Regular Instapundit poster Stephen Green links to a Lawrence Person’s Battleswarm Blog column on China’s demographic challlenges. Some choice items:
China’s working-age cohort grew from 58% of the country in 1978 to 74% in 2010. But in less than twenty years, the UN predicts that number will be roughly back where it was in ‘78. By then, China will have twice as many seniors as children under 15.
Per capita wealth remains low, on the level of Mexico, the Maldives, and Kazakhstan. That means this mass of retirees won’t just contribute less to the economy, but will also require immense financial support — the kind China’s fractured pension and healthcare system isn’t remotely prepared for.

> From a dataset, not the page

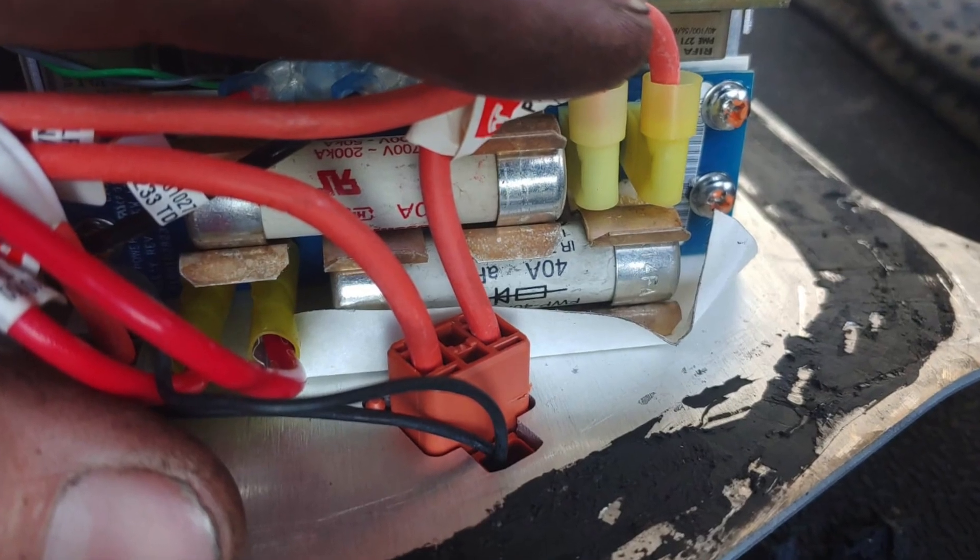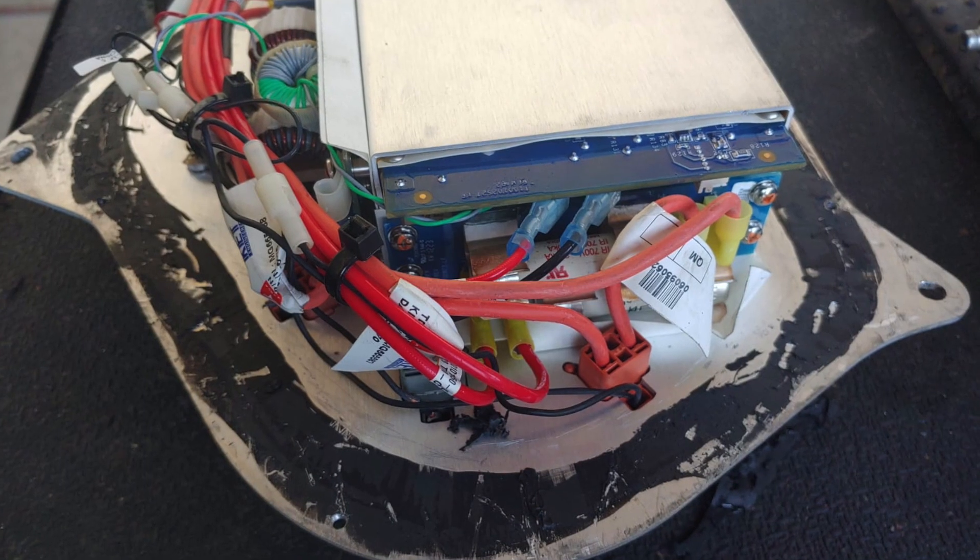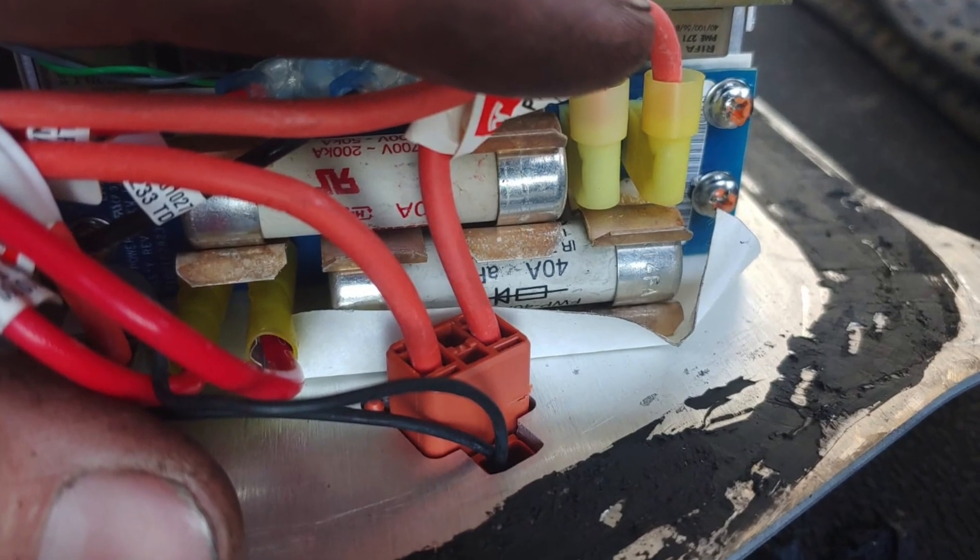We noticed that the DC-DC converter — which Tesla usually just replaces entirely — has a price of about a thousand dollars. That was the starting point for a repair. But when we measured from the input plug of this converter, we found that the breaker or fuse — a ceramic fuse — had blown. We also noticed that you don't usually open that box, but there is a seal around it with screws, and you could open and service it.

China’s 2020 Census, [tallied] 14.65 million births the previous year — the lowest level since 1961. Japan, which is also aging, provides a best case scenario. With a median age of 48.6, Japan is the 2nd oldest place on earth. Today, its share of the world’s manufacturing exports has fallen from 12.5% to just 5.2. Japan did not fade into global irrelevance. It’s still a great power. But it never fulfilled what once seemed certain: its rise to rival the U.S. as a superpower. And it never will.
I remember the “Japan will own the world” period, and its subsequent demise. Most ‘Japanese cars’ sold in the U.S. are built right here by U.S. workers. Is the hope China’s “arc of history” follows a similar meteoric path an unrealistic one? In a word … no.